小橋川ロベルトさん 38歳(1968年)ブラジル生まれ 全日本金属情報機器労働組合(JMIU)BMG分会長。
「仕事させてもらっている」訳ではない
私は、日系三世です。1991年にはじめて日本に来ました。その後いったん帰国し2000年に再来日しました。
初めて来日した当時は、「仕事をさせてもらっている」という意識でした。でも、よく考えてみたら就労ビザをとって労働し、その正当な報酬を受けているのであって、「仕事させてもらっている」わけではないということに気づきました。
仕事を休むと給与がひかれる、なぜだろう。ブラジルの場合は休んでも医者の診断書があれば給料はひかれません。妻の働いているところは社会保険に入っていて「休ませてください」といえば有給で何の問題もありません。今のような状態では長く病気するとほとんど給料がもらえません。
会社に再三、雇用保険、社会保険に入れてくれと要求してきましたが、会社は拒絶です。
組合をつくって団体交渉で要求をもぎ取れないかと思っていた時、友人がたまたま全日本金属情報機器労働組合(JMIU)を知っていて紹介してもらいました。以前に、社会保険庁に直接いくことも考えましたが、手続上の問題や言葉の問題があって、むつかしいと思いました。
4、5年前に別の会社で労働組合をつくって会社と交渉した経験はありましたから、直接、労働組合に電話しました。大平さん(JMIU副執行委員長)に豊田まで来てもらい、少ない日本語で何とか通じました。
社会保険に入りたいというのは当たり前の要求ではないでしょうか。自分たちの要求が世間に知られ、なんとかできるという安心感というか、よし、これに懸けてみようという気持でした。
労働組合を結成、地労委に違法行為の是正を申し立て
何度も相談を重ね、2006年8月に労働組合を結成しました。個人請負契約の是正などを求めて請負会社ビーエムージーに団体交渉を求めました。
私たちは、労働者の基本的権利を要求しただけです。ところがビーエムージーは、「従業員らは雇用契約ではなく、それぞれ個人請負契約をしているから労働者ではない。団体交渉に応じる義務はない」、「社会保険に加入したり、有給休暇を認めるなどの要求に応じたら会社をつぶすしかない」といっています。
労組は、10月4日に愛知県労働委員会にビーエムジーが交渉に応じるよう、不当労働行為救済を申し立てました。会社側は、「申立人の立論は、被申立人側においても充分理解できる。」しかし、そうすると「倒産せざるを得ない」という開き直りです。本当にひどいと思います。

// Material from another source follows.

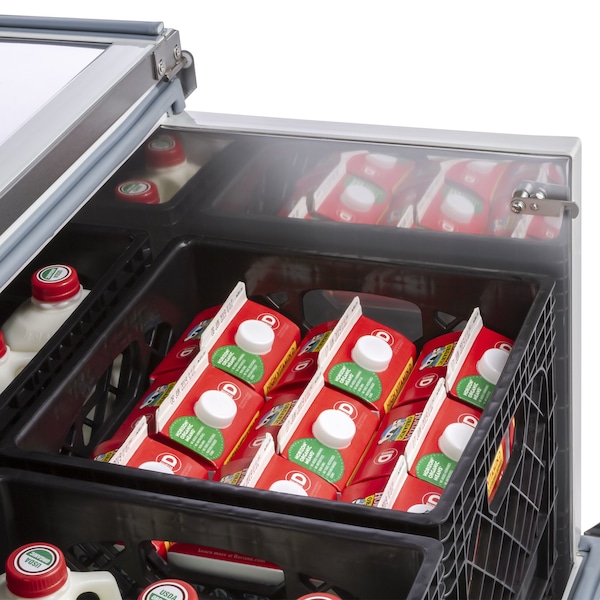 Maxx Cold Milk Cooler, 34 in.W, Stores up to 8 13 in. Milk Crates, in Stainless Steel - MXMC34HC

たいていの日本人は、外国人労働者は全く知識がないと思っています。しかし、ブラジルからくる労働者は労働法的な知識は充分もっています。労働法はブラジルでも日本でもそんなに違いはありません。こういうやりとりで言葉の問題が一番大変です。ポルトガル語を話せる人は少なく、大変だということで、NPO法人「ラテンアメリカセンター」を紹介してもらい通訳してもらっています。
無権利状態をやめさせるために
工場の中では上下関係が厳しく、日本人の労働者はあまり自己主張をしません。上司と議論して自分が納得いくのだったらその通りにやればいいと思うのですが、納得しないまま仕事をしています。あまりいい事ではないと思います。
私の母親も兄弟も日本に来ています。初来日から15年がたち、定住を決意し、日本への永住を申請していましたが、先週、永住ビザがおりました。 永住ビザがとれたのは一つの弾みではありますが、やはり何が一番必要だったかといえば、安定です。安心して仕事が出来る場所がほしいのです。年金や健康保険がなければ将来が不安です。子どもや家族のことも心配です。

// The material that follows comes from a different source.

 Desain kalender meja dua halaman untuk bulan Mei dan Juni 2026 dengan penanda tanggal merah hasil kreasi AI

日本の製造業全体で問題になっている「偽装請負」のなかでブラジル人労働者の多くは低賃金・無権利状態に置かれています。
ブラジルに渡った日本人がブラジルの社会で団結して一生懸命、自分たちの地位を確立したように、私たちもたたかっていきたいのです。
8月の結成時に9人の組合員はいま、13人です。もっと多くの人に組合に入ってもらい、こうした無権利状態をやめさせるために、たたかっていきたいと思います。

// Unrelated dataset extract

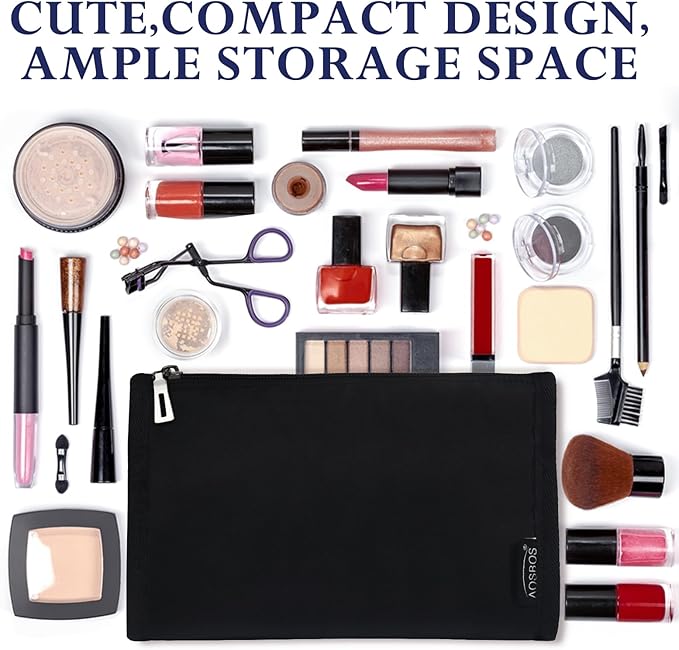 Aosbos Premium Small Makeup Bag, Compact Cosmetic Pouch, Travel-Size Make UP Case for Women, Black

注――請負会社BMGは「中外」三好工場(愛知県三好町)と取り引きしてきた請負会社です。中外三好工場は、偽装派遣されたBMG労働者を受け入れ、トヨタの防音材などを生産しています。BMGは、2004年4月からブラジル人労働者全員との雇用関係を解消し、一人一人を「個人事業主」に変更。このため、働き方は何も変わらないまま、社会保険や雇用保険、労災保険、有給などの権利が奪われてしまいました。「派遣」労働者よりさらに無権利の「個人請負」契約が、トヨタ系部品メーカーの新たな偽装請負として広がろうとしています。